I just know that chicken,ground turkey, sardines and eggs do not make up a balanced diet.

Add that to the fact that I have had resistance from the start from my hubby :frown: So now I really can't justify spending between $4-$5 a day on food depending on what I buy.
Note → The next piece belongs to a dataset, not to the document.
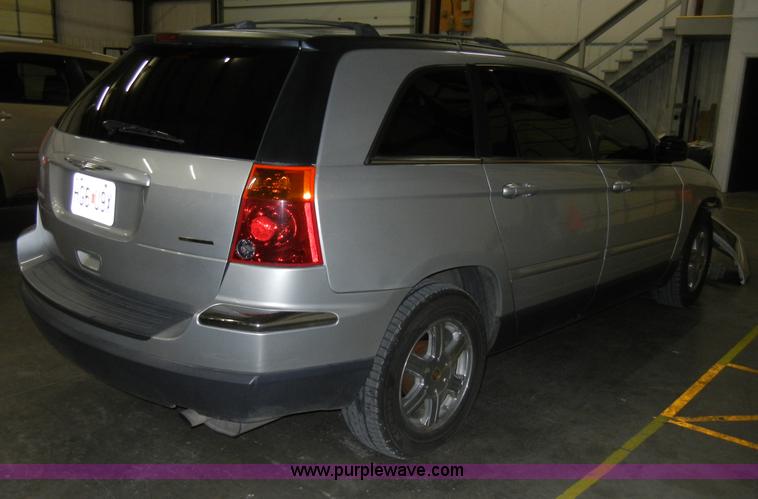 image for item A3445 2004 Chrysler Pacifica AWD SUV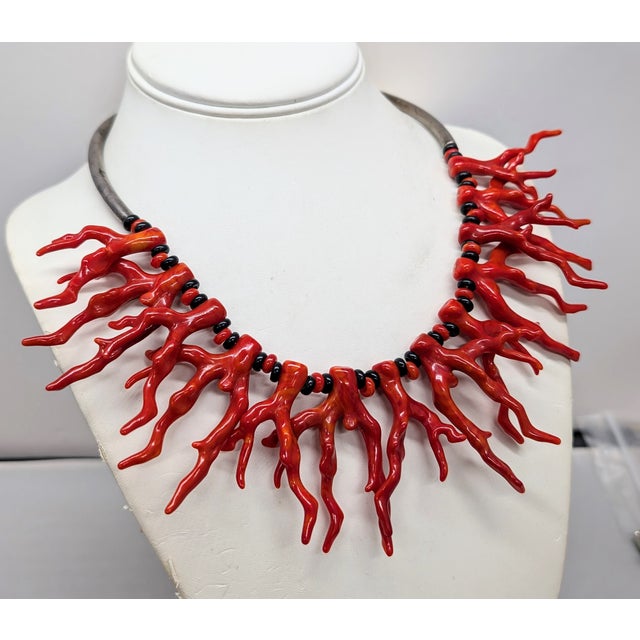 1980s Vintage 1980s Signed Sharra Pagano Italy Silvertone Faux-Coral & Black Beaded Collar Necklace For Sale - Image 5 of 7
I would need almost 3lbs of meat a day since the addition of Layla.

So I am trying to weigh my options, because no matter what, they will get at the least a 50/50 diet.

I am going to order the beef HK to see if Kai can tolerate it, and to be able to offer beef at all to the others.

ETA: I should have put this in the Canned/Dry Food Section
There is a kibble that is available in our grocery store that seems pretty good, so I wanted to get your opinion on it. I already have Layla 50/50 on this food (hubby insisted)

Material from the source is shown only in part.